The film begins with what turns out to be virtually unrelated scenes featuring four adventurous kids who break in to the house and film themselves getting up to no good. The only reference to this during the rest of the movie is when Tyler finds an old iPod with the footage they filmed that night but it doesn’t even become a plot device so it’s kind of pointless.
Most of the movie revolves around Tyler filming the family around the home and capturing the aftermath of the demise of several characters (a real estate agent, a mover). He’s not a bad kid but he gets treated like a dog by the contemptible Douglas, a stern, unreasonable, impatient, needlessly-aggressive man whose disdain for his son is only superseded by his intolerance of his (admittedly) annoying older daughter. When the back door is left open at night he blames all the kids one after another showing parenting skills on a par with Harry Wormwood (when of course, having seen almost a dozen of these movies, we know who is really responsible).
Even though the script acknowledges the house’s infamy – a detective who turns up to investigate the disappearance of a neighbour references the movies and books written about the building – the fact that doors open and close by themselves and several people die in the first few days doesn’t initially suggest to Douglas that something might not be quite right. He decides to put up CCTV cameras (“Paranormal Activity 3”-style) to catch the ‘burglar’ that is opening the door at night, and this becomes another source of footage which I suppose adds a little bit of variety if nothing else.
We know that there’s an unseen presence as the camera occasionally goes black and an accompanying “static sound” interferes with the footage. The best scenes are when we see ghosts on camera that the family cannot see although that effect wears off pretty quick as it increasingly loses its subtlety.

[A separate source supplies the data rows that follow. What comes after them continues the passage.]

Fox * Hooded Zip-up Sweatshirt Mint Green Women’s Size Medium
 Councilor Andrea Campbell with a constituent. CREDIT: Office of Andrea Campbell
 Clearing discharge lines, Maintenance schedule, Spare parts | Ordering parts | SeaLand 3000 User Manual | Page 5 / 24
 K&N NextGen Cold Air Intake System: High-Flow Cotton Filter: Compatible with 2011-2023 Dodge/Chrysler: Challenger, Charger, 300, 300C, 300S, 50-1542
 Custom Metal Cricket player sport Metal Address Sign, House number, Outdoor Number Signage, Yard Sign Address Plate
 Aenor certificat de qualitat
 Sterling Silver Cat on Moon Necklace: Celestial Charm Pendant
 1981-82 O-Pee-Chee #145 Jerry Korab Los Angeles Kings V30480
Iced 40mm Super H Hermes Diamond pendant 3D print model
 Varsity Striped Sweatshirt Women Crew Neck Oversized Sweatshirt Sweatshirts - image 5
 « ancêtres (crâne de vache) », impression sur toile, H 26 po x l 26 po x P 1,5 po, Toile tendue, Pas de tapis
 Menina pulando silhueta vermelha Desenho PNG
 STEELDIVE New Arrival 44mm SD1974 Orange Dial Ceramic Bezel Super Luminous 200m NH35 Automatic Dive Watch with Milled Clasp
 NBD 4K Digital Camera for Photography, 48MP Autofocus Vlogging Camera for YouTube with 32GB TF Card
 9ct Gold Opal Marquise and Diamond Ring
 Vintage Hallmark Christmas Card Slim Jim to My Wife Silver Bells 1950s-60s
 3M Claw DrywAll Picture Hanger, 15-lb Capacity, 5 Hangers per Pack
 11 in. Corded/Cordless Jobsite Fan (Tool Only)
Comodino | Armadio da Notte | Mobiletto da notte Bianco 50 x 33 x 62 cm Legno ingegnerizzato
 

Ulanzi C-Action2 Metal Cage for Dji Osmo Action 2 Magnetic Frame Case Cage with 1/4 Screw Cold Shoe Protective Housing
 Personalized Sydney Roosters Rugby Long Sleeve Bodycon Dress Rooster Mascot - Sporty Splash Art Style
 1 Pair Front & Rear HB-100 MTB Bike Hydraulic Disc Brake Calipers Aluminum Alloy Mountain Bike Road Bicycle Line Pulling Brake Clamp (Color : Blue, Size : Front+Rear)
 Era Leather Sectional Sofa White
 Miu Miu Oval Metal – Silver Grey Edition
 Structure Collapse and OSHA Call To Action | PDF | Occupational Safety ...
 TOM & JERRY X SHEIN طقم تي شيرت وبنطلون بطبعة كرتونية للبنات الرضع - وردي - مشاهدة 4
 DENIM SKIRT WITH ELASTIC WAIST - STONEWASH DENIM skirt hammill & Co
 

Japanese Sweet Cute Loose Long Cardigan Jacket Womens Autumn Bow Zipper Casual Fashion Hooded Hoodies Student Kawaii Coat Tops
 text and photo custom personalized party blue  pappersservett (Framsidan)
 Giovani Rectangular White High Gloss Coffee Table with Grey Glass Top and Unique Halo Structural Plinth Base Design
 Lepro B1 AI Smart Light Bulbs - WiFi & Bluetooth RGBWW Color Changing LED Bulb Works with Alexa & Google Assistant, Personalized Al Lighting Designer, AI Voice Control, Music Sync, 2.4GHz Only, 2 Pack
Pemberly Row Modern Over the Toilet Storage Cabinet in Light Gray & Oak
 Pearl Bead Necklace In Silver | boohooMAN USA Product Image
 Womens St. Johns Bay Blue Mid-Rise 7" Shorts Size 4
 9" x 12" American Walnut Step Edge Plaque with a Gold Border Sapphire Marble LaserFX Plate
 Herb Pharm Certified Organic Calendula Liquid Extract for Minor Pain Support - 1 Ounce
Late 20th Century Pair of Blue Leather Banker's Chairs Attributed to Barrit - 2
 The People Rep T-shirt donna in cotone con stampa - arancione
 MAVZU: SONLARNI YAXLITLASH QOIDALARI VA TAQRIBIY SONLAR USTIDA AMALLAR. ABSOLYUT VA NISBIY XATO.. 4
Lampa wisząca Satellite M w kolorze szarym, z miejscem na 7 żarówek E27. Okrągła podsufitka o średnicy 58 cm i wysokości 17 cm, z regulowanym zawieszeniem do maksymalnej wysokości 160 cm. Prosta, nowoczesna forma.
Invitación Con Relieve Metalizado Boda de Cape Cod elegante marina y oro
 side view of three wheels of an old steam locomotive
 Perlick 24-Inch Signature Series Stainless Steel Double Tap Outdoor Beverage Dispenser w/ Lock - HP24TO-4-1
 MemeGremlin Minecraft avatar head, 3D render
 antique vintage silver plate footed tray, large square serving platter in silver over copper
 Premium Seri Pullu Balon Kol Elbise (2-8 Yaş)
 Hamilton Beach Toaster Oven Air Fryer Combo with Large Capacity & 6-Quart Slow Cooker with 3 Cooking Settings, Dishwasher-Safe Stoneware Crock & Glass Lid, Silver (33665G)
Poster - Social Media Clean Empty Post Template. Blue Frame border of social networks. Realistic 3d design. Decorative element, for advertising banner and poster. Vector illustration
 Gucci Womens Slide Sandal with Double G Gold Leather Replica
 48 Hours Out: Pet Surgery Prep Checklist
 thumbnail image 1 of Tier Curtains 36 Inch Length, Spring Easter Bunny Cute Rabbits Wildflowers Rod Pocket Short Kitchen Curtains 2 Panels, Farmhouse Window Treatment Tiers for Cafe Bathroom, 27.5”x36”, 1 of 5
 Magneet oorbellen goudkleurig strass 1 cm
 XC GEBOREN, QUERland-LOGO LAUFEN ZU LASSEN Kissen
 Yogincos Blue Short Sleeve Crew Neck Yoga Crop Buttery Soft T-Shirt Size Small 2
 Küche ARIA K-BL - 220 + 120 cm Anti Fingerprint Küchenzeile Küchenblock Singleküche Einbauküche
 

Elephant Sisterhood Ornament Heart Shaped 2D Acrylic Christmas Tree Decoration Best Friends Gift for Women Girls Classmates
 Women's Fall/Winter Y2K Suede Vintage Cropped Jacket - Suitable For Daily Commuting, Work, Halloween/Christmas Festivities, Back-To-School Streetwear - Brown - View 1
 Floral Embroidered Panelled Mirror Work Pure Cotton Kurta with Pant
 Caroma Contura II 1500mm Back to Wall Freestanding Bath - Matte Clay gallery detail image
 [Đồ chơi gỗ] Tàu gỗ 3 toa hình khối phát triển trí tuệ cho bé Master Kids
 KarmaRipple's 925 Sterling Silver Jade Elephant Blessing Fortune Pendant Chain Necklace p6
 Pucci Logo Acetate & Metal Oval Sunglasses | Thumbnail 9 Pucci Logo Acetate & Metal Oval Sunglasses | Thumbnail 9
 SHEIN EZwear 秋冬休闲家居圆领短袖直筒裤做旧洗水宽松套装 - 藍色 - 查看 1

The final ten minutes counters utterly laughable scenes involving Douglas with the movie’s best moments (albeit that’s not saying much). Performances are predictably poor although these are bit-part actors who are presumably doing their best in the leading roles. And, in a rather castrating move, not once in the film do we see the distinctive house front that was pretty damn effective in its initial outings.
The final word on “The Amityville Haunting” is that it’s from The Asylum. Presumably they came up with and filmed this entire thing bell-to-bell in about three weeks. And it shows.